CHARLEROI, Pa. (KDKA) - Washington County District Attorney Jason Walsh and state Rep. Natalie Mihalek are working together to change the law in Pennsylvania when it comes to the crime of concealing the death of a child. They're doing this in response to a horrific case in Charleroi involving a baby boy.
Mihalek is calling this legislation Archer's Law, named after the baby investigators found concealed in a wall inside a home in Charleroi last November. Walsh and Mihalek gathered at Courthouse Square in the City of Washington to officially announce the new bill.
"Our most precious asset in any county are our children," said Walsh.
Walsh said it's his job to protect innocent children and prosecute the people who hurt them.
This new push stems from the case involving Kylie Wilt and Alan Hollis, who are accused of hiding their dead baby's body. The child's corpse was found months after investigators believe the little boy died.
"When looking for that child, I had my office scouring our crime book and statutes that the most I could charge these individuals was a second-degree misdemeanor," said Walsh.
A second-degree misdemeanor, Walsh says, for concealing the death of a child. Walsh says he was shocked.
"The same as if you had a retail theft of a certain amount of money, the same as if you committed a simple assault," said Walsh.

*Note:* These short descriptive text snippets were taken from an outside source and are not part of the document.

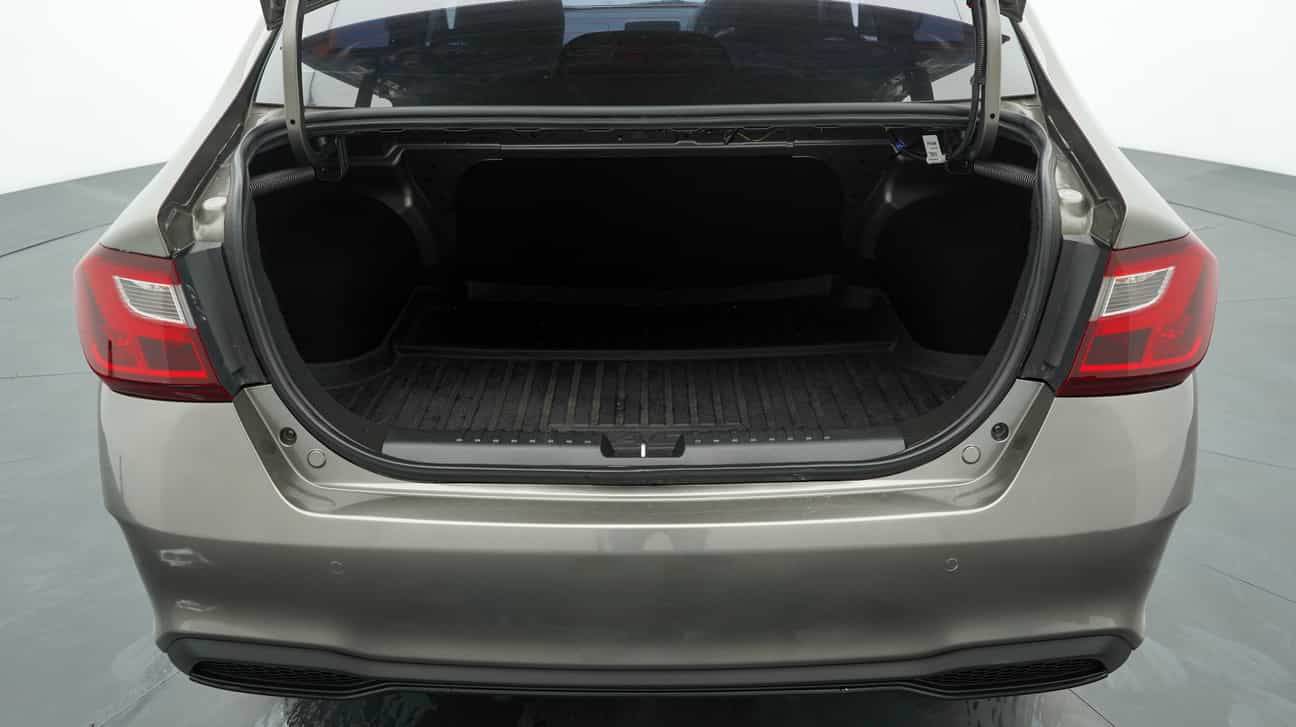 used 2020 Proton SAGA STANDARD AT 1.3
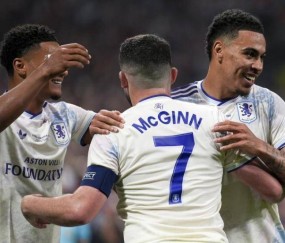 4-1，3-0！足坛悲喜夜！亚冠冠军爆发，维拉欧联夺冠，多纪录改写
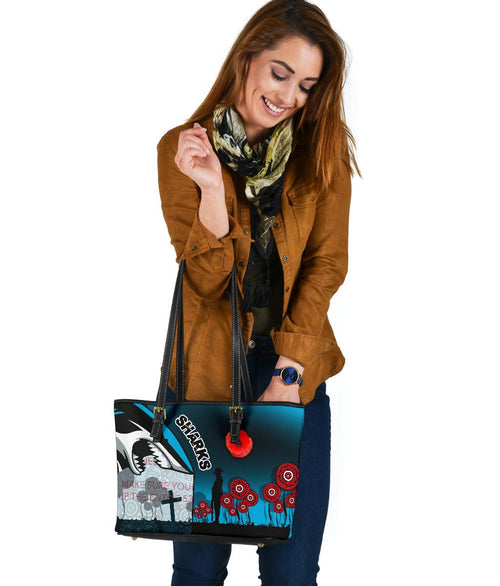 sharks-small-leather-tote-cronulla-anzac-day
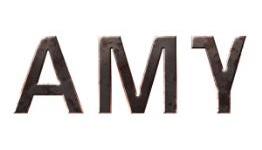 First Look: Amy (GodisaGeek)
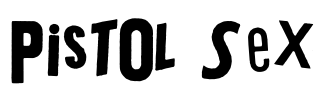 PistOl Sex
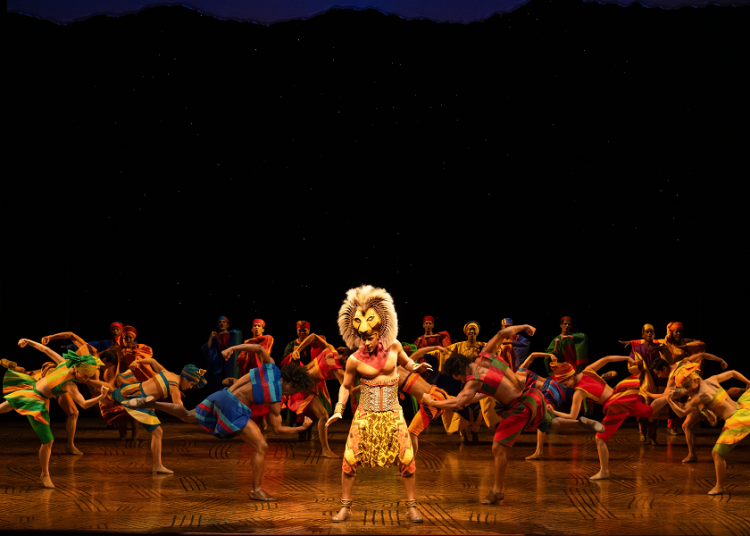 No te pierdas el musical ‘El Rey León’ en el Teatro Telcel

He reached out to Mihalek with the hope of upgrading the law from a misdemeanor to a felony.
"Concealing the death of a child would still exist. This just adds a section onto it for aggravating circumstances. For a situation like this and there's specific language that it shocks the family conscience," said Mihalek.
Mihalek said she and Walsh discussed his concerns before a homicide charge was filed against the couple in December.

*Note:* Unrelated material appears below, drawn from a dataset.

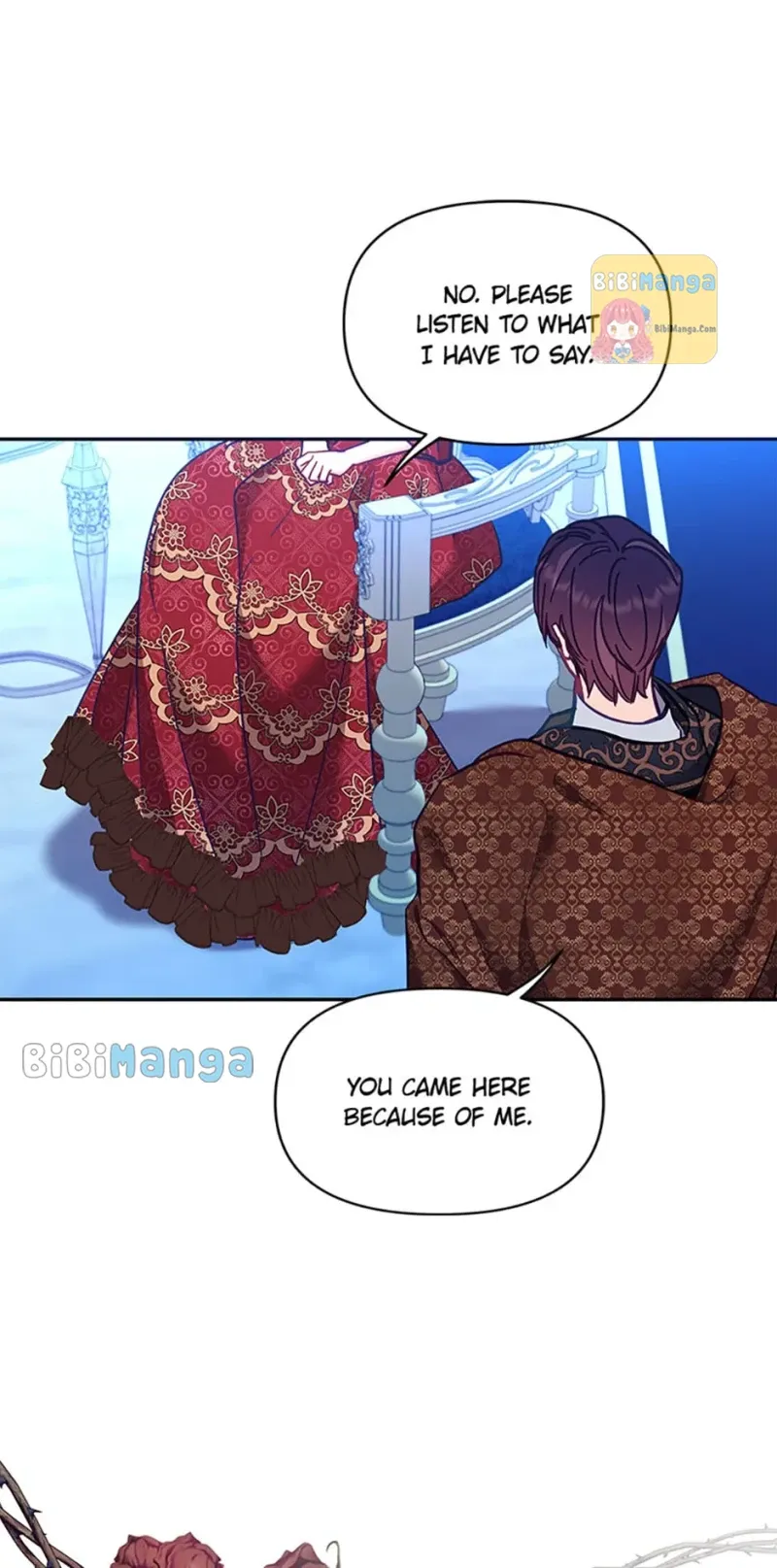 My Place Chapter 74 Online - página 11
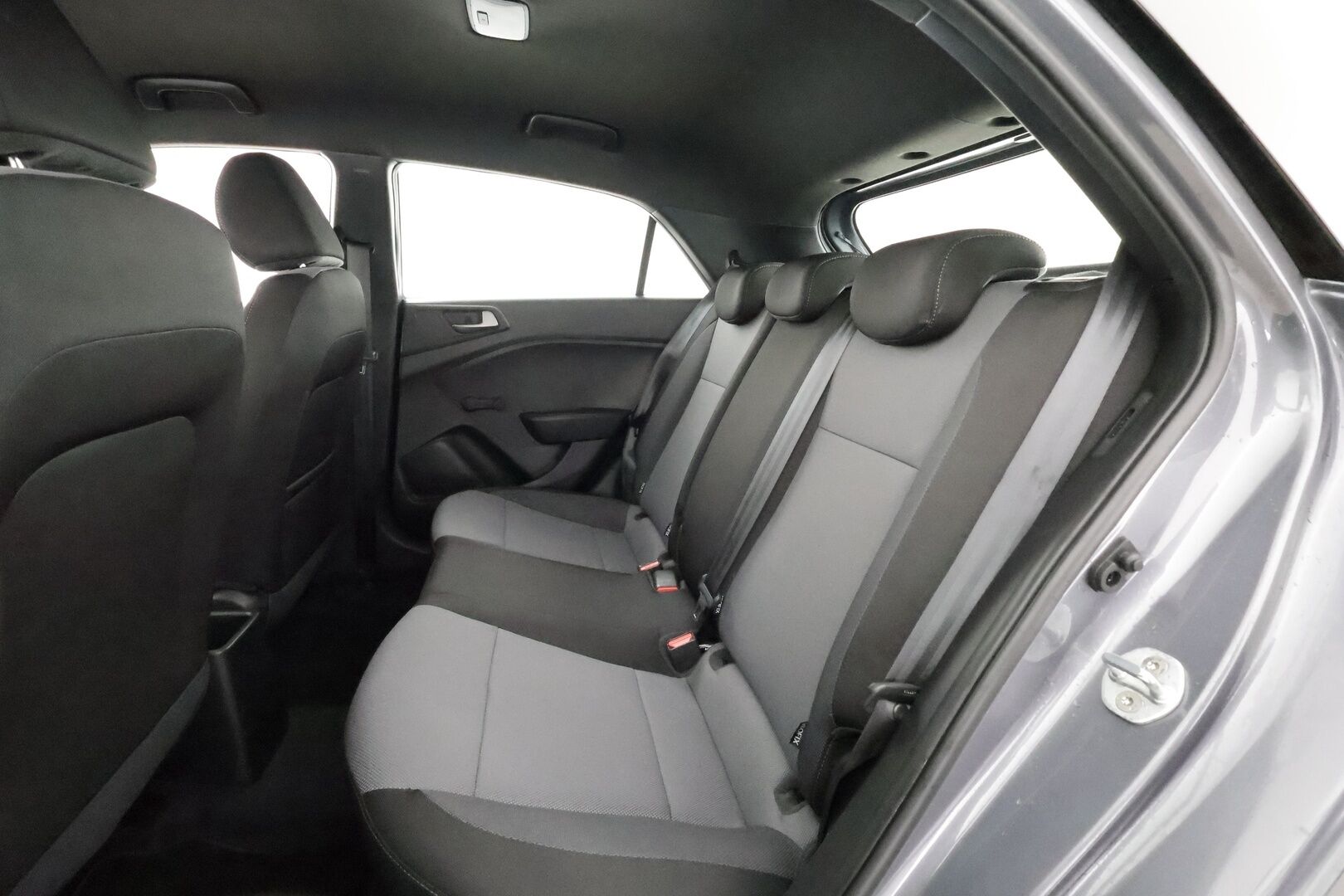Hyundai i20 5d 2018 1,2 5MT ISG fresh - | Ratinlämmitys | Bluetooth | Ilmastointi | Facelift | Sähköpeilit | Kahdet renkaat | 1-om Suomi-auto |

Meantime, KDKA reached out to Wilt and Hollis' family to get their thoughts on the legislation. Wilt's sister Shelby Wilt said over text that she's in support of Archer's Law, while Hollis' mother Beth Hollis said over the phone that she's touched by the law and that the punishment needs to fit the crime.
Right now, Mihalek says the legislation has 31 co-sponsors, including state Rep. Bud Cook who was also at Thursday's news conference. Mihalek says she hopes to get more support before heading to the House Judiciary Committee for a vote. Meantime, Hollis and Wilt remain behind bars.
Walsh said they will be back in court for their formal arraignment on Feb. 18 at 10 a.m.